Work instructions: Where "quartos" occurs in a line of the entries below, copy that line.

Data under study:

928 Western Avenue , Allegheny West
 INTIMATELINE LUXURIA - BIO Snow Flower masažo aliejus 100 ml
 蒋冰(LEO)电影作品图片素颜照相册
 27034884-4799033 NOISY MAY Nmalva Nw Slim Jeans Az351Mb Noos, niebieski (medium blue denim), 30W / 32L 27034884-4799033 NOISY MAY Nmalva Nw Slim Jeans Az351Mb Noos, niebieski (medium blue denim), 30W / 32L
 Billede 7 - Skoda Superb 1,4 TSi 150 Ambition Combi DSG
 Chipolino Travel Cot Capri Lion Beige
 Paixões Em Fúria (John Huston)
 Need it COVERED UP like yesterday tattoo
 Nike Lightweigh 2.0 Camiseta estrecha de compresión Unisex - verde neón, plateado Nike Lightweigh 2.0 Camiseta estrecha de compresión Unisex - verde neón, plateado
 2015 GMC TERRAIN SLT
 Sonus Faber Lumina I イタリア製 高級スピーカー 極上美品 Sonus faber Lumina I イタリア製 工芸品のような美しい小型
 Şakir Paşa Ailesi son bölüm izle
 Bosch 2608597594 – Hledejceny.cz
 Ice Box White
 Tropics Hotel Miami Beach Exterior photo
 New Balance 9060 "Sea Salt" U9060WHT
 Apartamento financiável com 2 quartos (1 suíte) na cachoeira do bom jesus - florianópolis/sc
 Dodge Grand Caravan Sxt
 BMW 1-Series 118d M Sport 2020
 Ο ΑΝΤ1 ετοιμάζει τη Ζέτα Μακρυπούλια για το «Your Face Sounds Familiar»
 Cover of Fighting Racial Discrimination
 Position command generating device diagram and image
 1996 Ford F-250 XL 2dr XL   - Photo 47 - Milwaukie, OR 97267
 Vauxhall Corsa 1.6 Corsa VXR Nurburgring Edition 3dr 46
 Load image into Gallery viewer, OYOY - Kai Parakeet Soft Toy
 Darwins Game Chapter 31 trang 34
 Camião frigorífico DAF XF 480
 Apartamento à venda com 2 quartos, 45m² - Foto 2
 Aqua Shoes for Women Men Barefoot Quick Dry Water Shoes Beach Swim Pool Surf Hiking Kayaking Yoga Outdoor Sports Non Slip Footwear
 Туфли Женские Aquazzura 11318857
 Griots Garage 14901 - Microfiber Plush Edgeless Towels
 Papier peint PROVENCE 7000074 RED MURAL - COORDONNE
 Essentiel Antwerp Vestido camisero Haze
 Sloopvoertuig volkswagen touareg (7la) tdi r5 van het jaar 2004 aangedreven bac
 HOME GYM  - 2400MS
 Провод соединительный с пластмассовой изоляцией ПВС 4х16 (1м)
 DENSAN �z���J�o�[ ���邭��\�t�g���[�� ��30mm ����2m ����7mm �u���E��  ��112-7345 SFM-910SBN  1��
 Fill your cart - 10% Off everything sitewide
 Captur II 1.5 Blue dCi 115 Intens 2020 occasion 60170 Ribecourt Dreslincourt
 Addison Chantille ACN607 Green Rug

Task output:
 Apartamento financiável com 2 quartos (1 suíte) na cachoeira do bom jesus - florianópolis/sc
 Apartamento à venda com 2 quartos, 45m² - Foto 2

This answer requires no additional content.